Post  Admin on Tue 19 Sep 2017 - 19:59

Powerful earthquake hits central Mexico, collapses buildings
Associated Press Associated PressSeptember 19, 2017
People react as a real quake rattles Mexico City on
September 19, 2017 as an earthquake drill was being held in the capital. (Photo: Ronaldo Schemidt/AFP/Getty Images)
More https://finance.yahoo.com/news/major-earthquake-shakes-mexico-city-182057047.html?soc_trk=gcm&soc_src=69f70237-124f-3ea9-acd0-fc922af945e2&.tsrc=notification-brknews
MEXICO CITY (AP) — A magnitude 7.1 earthquake jolted central Mexico on Tuesday, collapsing some buildings, cracking the facades of others and scattering rubble on streets on the anniversary of a devastating 1985 quake.

The quake caused buildings to sway sickeningly in Mexico City and sent panicked office workers streaming into the streets, but the full extent of the damage was not yet clear. Mexican media broadcast images of several collapsed buildings in heavily populated parts of the city.

The U.S. Geological Survey calculated its magnitude at 7.1 and said it was centered near the Puebla state town of Raboso, about 76 miles (123 kilometers) southeast of Mexico City.

Puebla Gov. Tony Galil tweeted that there had been damaged buildings in the city of Cholula including collapsed church steeples.

In Mexico City, thousands of people fled office buildings and hugged to calm each other along the central Reforma Avenue as alarms blared, and traffic stopped around the Angel of Independence monument.

In the Roma neighborhood, which was struck hard by the 1985 quake, piles of stucco and brick fallen from building facades littered the streets. At least one large parking structure collapsed. Two men calmed a woman seated on a stool in the street, blood trickling form a small wound on her knee.

At a nearby market, a worker in a hardhat walked around the outside warning people not to smoke as a smell of gas filled the air.

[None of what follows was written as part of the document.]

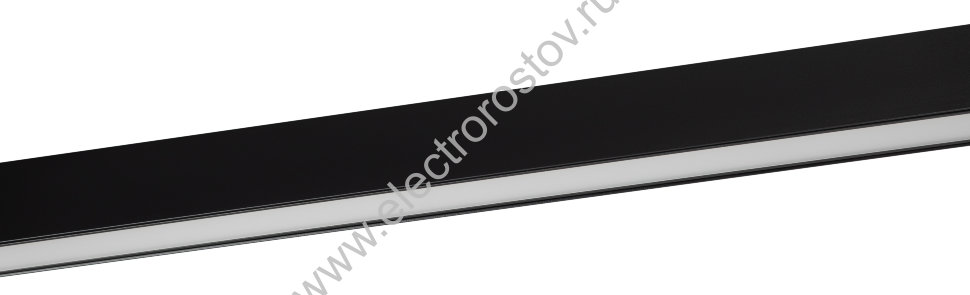ЭРА Магнитный трековый светильник TRM20-1-90-20W3K-B для системы NOVA 90см 48V 20Вт 3000К заливающий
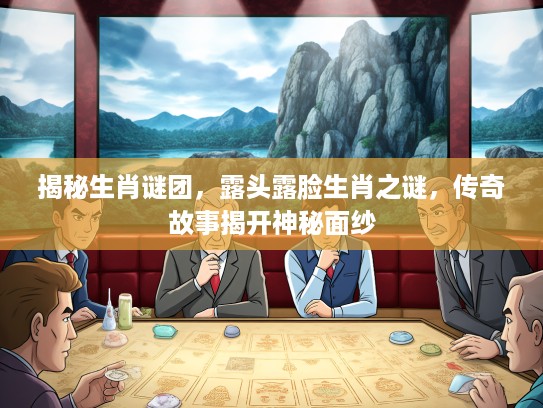 揭秘生肖谜团,露头露脸生肖之谜,传奇故事揭开神秘面纱 揭秘生肖谜团,露头露脸生肖之谜,传奇故事揭开神秘面纱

Market stall vendor Edith Lopez, 25, said she was in a taxi a few blocks away when the quake struck. She said she saw glass bursting out of the windows of some buildings. She was anxiously trying to locate her children, whom she had left in the care of her disabled mother.

Pictures fell from office building walls, objects were shaken off of flat surfaces and computer monitors toppled over. Some people dove for cover under desks. Local media broadcast video of whitecap waves churning the city's normally placid canals of Xochimilco as boats bobbed up and down.

Earlier in the day workplaces across the city held preparation drills on the anniversary of the 1985 quake, a magnitude 8.1 shake, which killed thousands of people and devastated large parts of Mexico City.

Much of Mexico City is built on former lakebed, and the soil is known to amplify the effects of earthquakes even hundreds of miles away.